DIRECTIONS FOR THIS TASK: Both ends included, set down the lines from the line containing "杭州地铁9号线进出口示意图 这一路上,共设10个站点,8个在钱江路上" through the last line of the records below, without pictures.

EXTRACTED RECORDS:
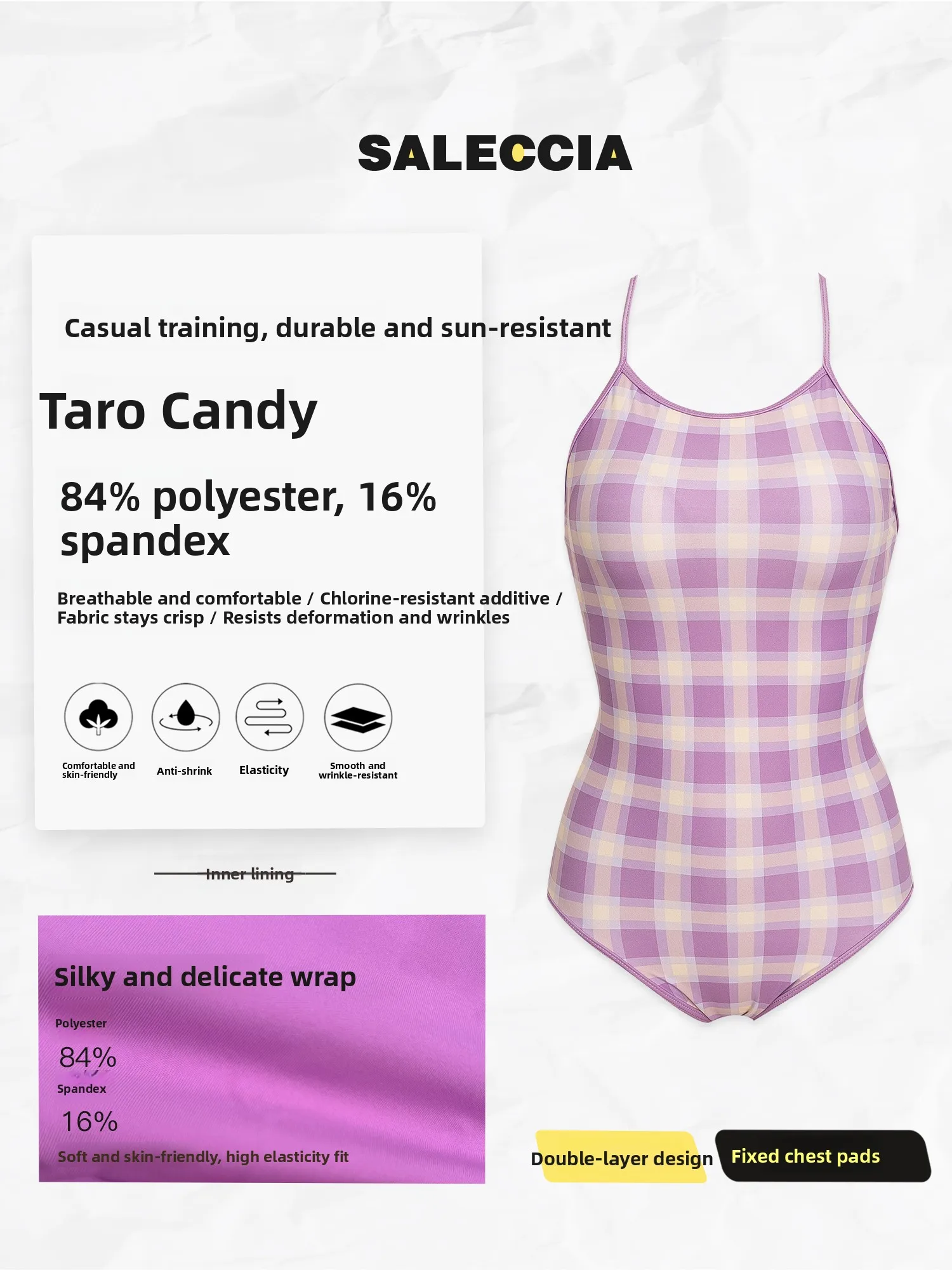 Saleccia Purple Sugar Women's One-Piece Swimsuit 2026 Hollow out Competition Pure Desire with Chest Pad Indoor Pool Beach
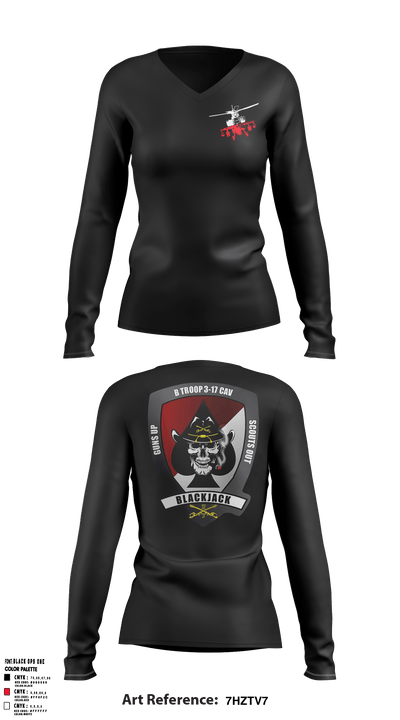 B Troop, 3-17 Cav 24452790 Women's Long Sleeve V-neck Shirt - 2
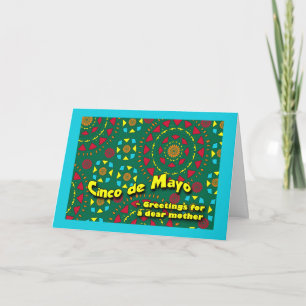 Cartão Cinco de Mayo para Mãe, Design de Mosaico Colorido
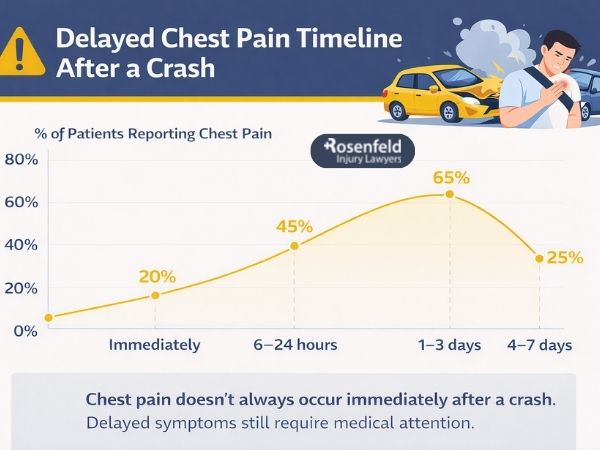 Diagnosing the cause of persistent chest pain after a car accident.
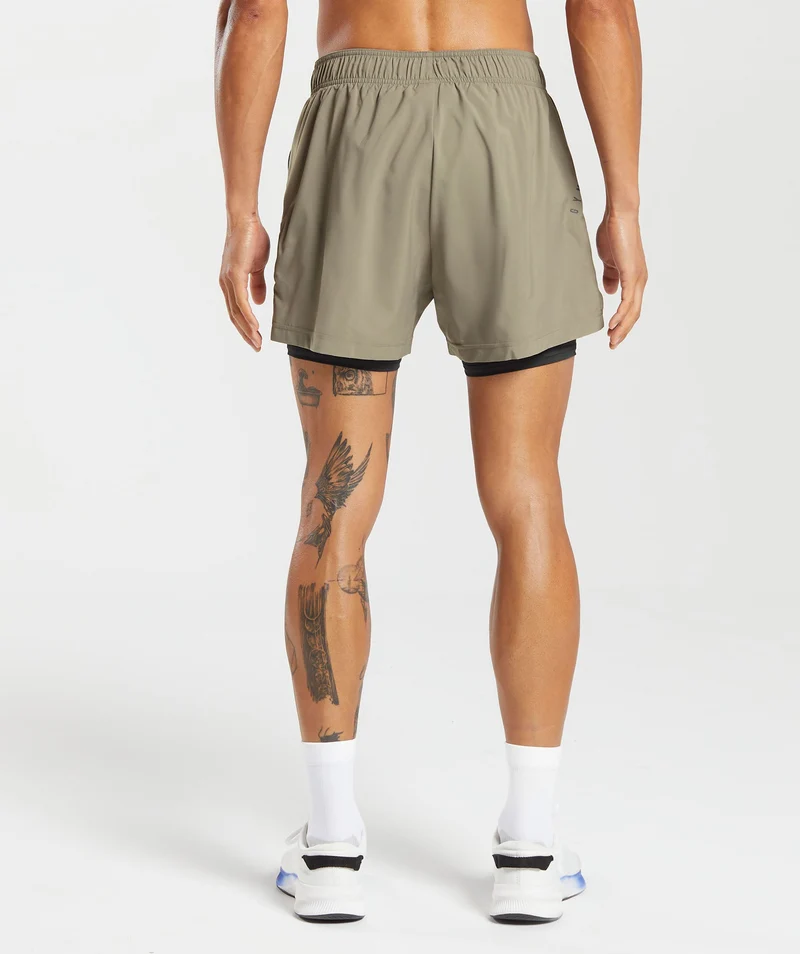 Gymshark Sport 5" 2-in-1 Shorts - Linen Brown/Black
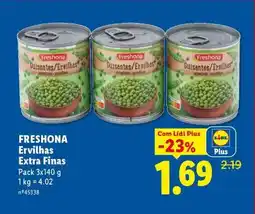 Lidl Freshona Ervilhas Extra Finas promoção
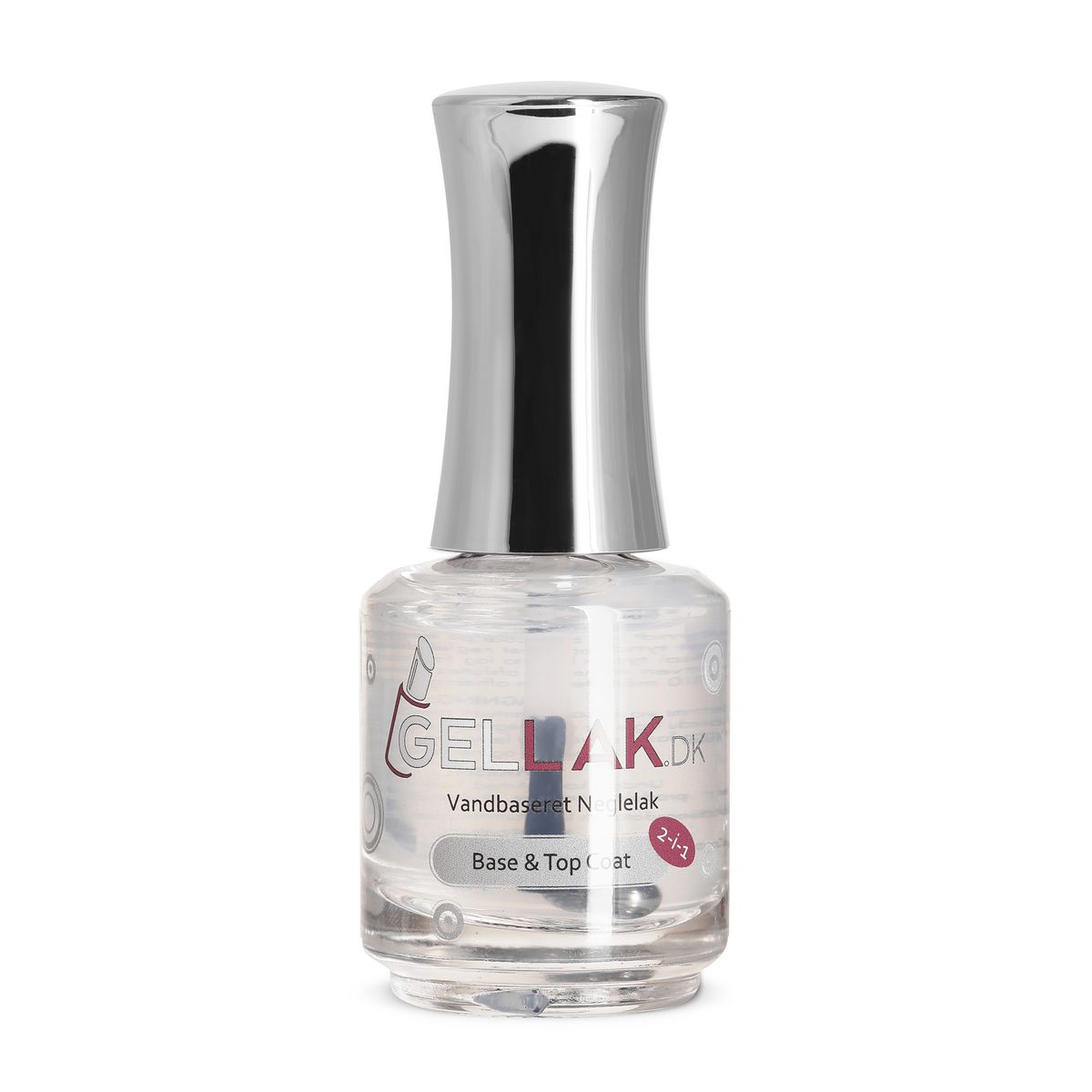 Vandbaseret Neglelak | 15 ml | Base- og Top Coat 2-i-1 | Gellak.dk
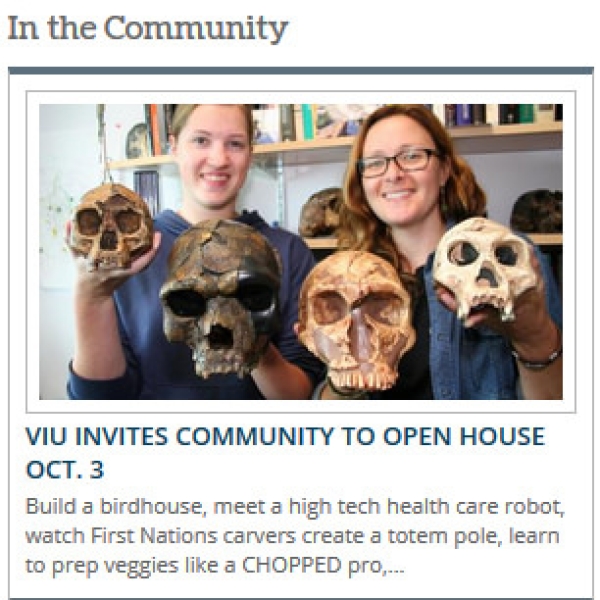 Promoting VIU Open House, Oct 3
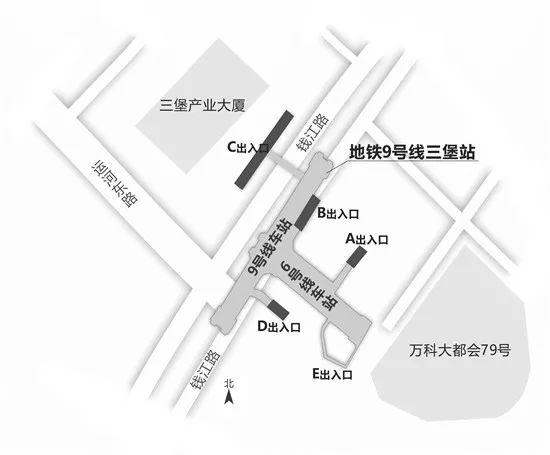 杭州地铁9号线进出口示意图 这一路上,共设10个站点,8个在钱江路上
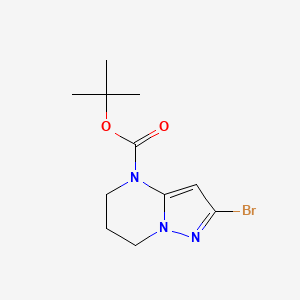 tert-Butyl 2-bromo-6,7-dihydropyrazolo[1,5-a]pyrimidine-4(5H)-carboxylate chemical structure (CAS 2167954-27-8)
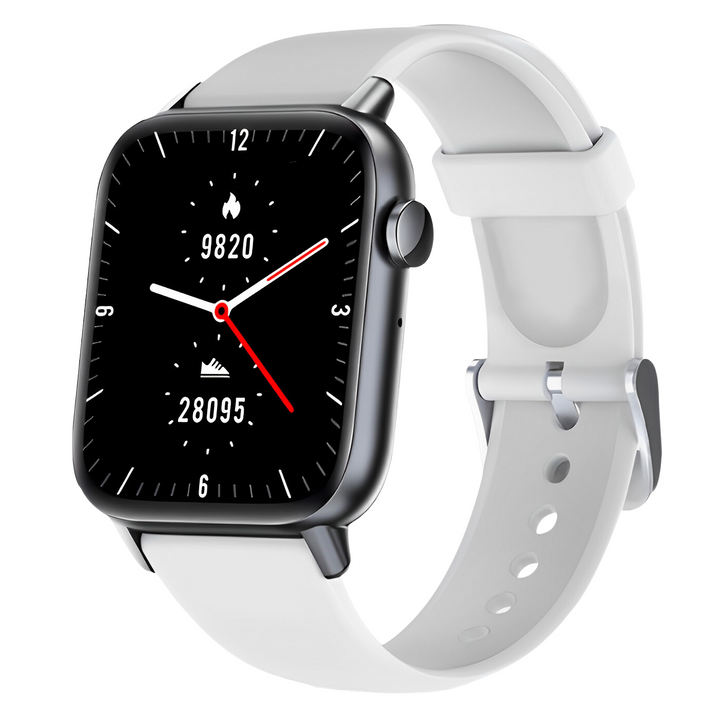 Man met waterbestendige unisex smartwatch op pols, toont activiteitstracking en fitnessdata.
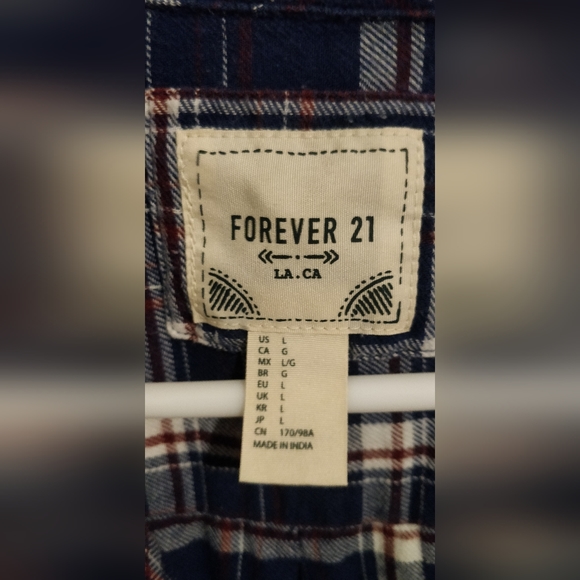 Forever 21 Blue Plaid Shirt - Picture 3 of 3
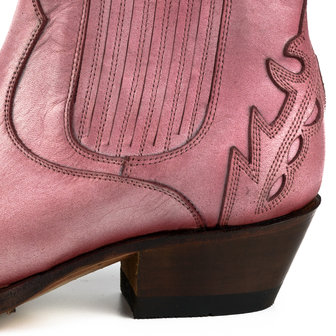 Mayura Boots Marilyn 2487 Roze/ Dames Cowboy Western Fashion Enklelaars Spitse Neus Schuine Hak Elastiek Sluiting Echt Leer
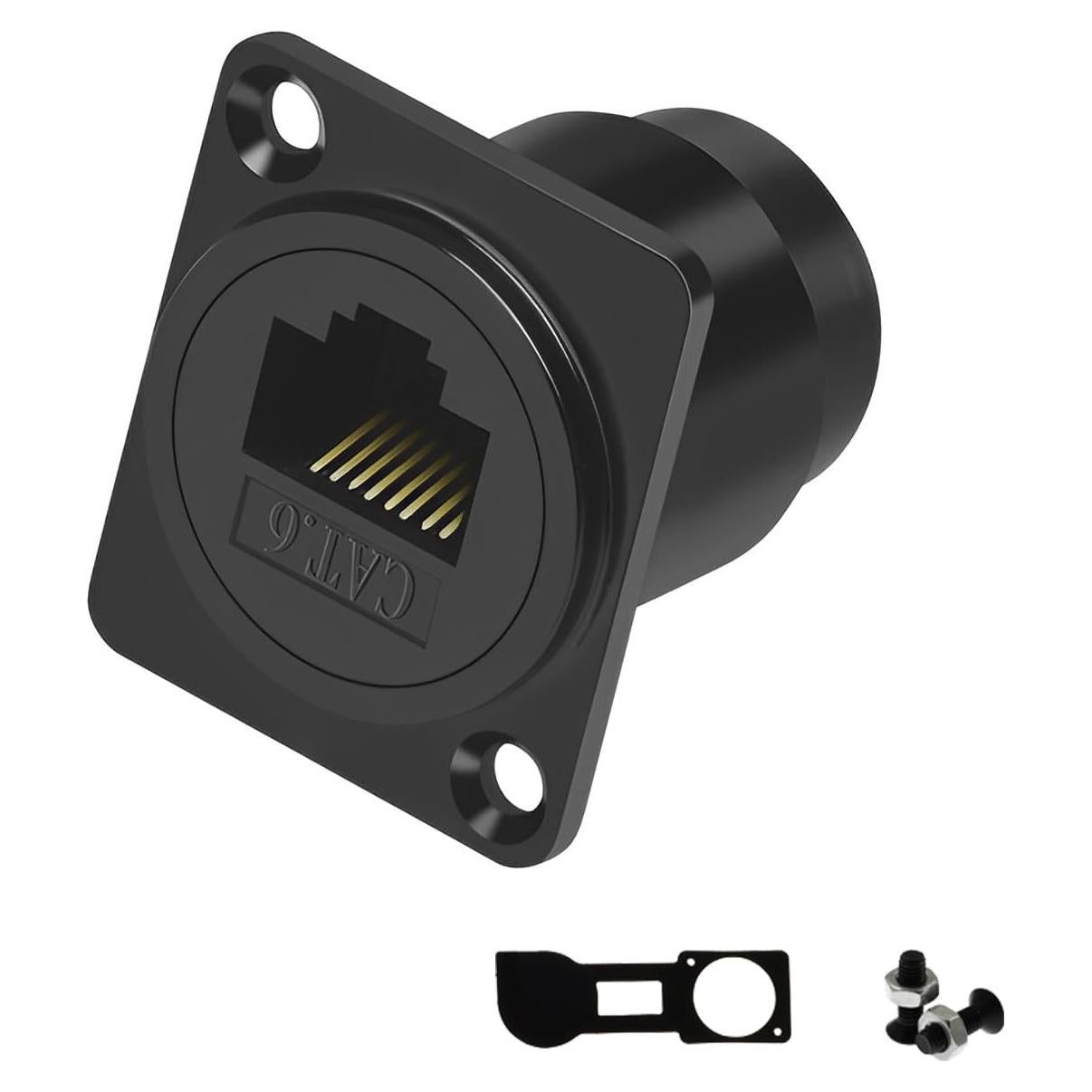 Adaptador de Montaje en Panel RJ45 Hembrado 8P8C CAT6A - YiKaiEn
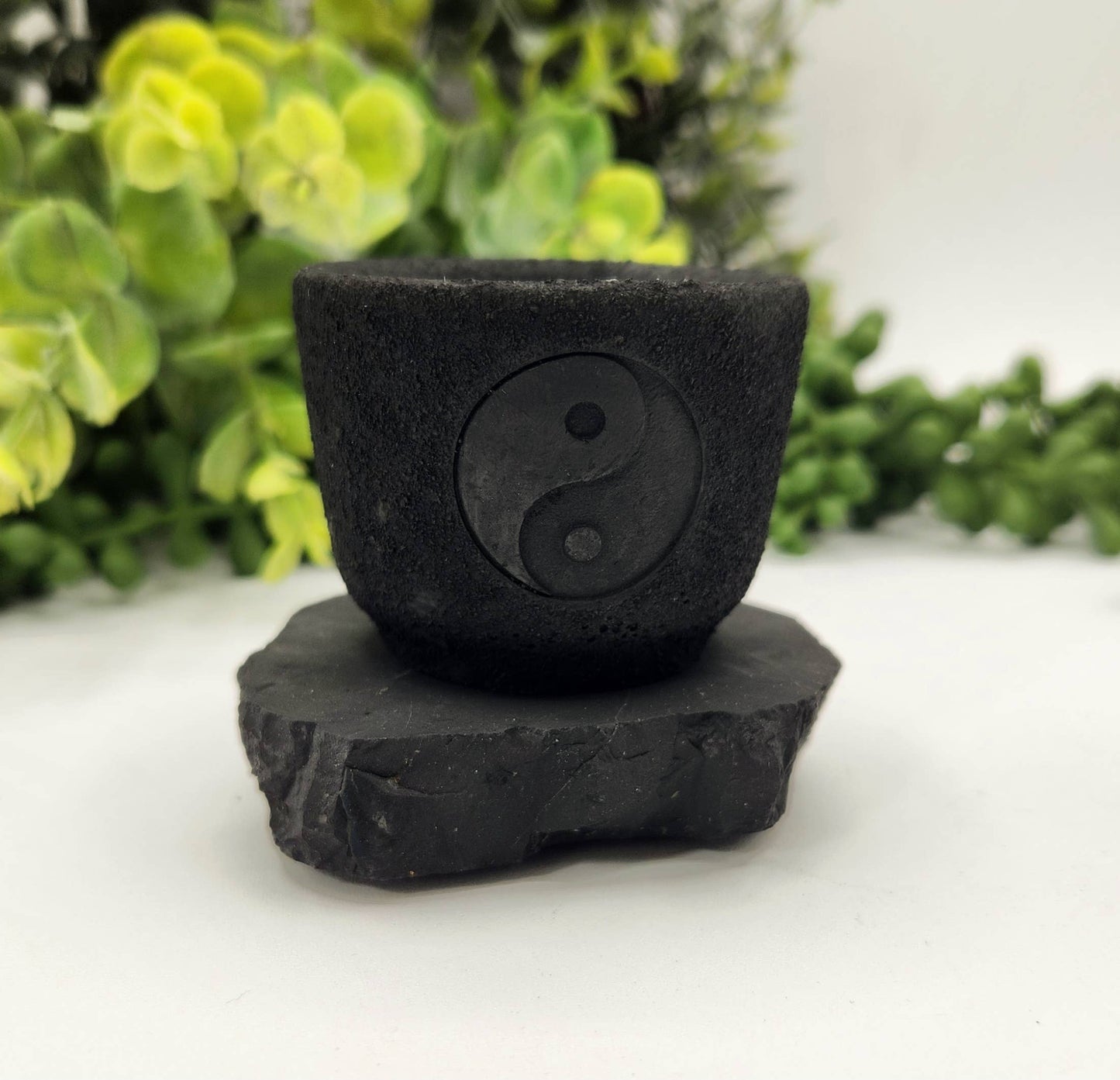Shungite Figurine Candle Holder-Ying Yang-EMF  (6x5x5.5cm)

OUTPUT FOR THIS EXERCISE:
 杭州地铁9号线进出口示意图 这一路上,共设10个站点,8个在钱江路上
 tert-Butyl 2-bromo-6,7-dihydropyrazolo[1,5-a]pyrimidine-4(5H)-carboxylate chemical structure (CAS 2167954-27-8)
 Man met waterbestendige unisex smartwatch op pols, toont activiteitstracking en fitnessdata.
 Forever 21 Blue Plaid Shirt - Picture 3 of 3
 Mayura Boots Marilyn 2487 Roze/ Dames Cowboy Western Fashion Enklelaars Spitse Neus Schuine Hak Elastiek Sluiting Echt Leer
 Adaptador de Montaje en Panel RJ45 Hembrado 8P8C CAT6A - YiKaiEn
Shungite Figurine Candle Holder-Ying Yang-EMF  (6x5x5.5cm)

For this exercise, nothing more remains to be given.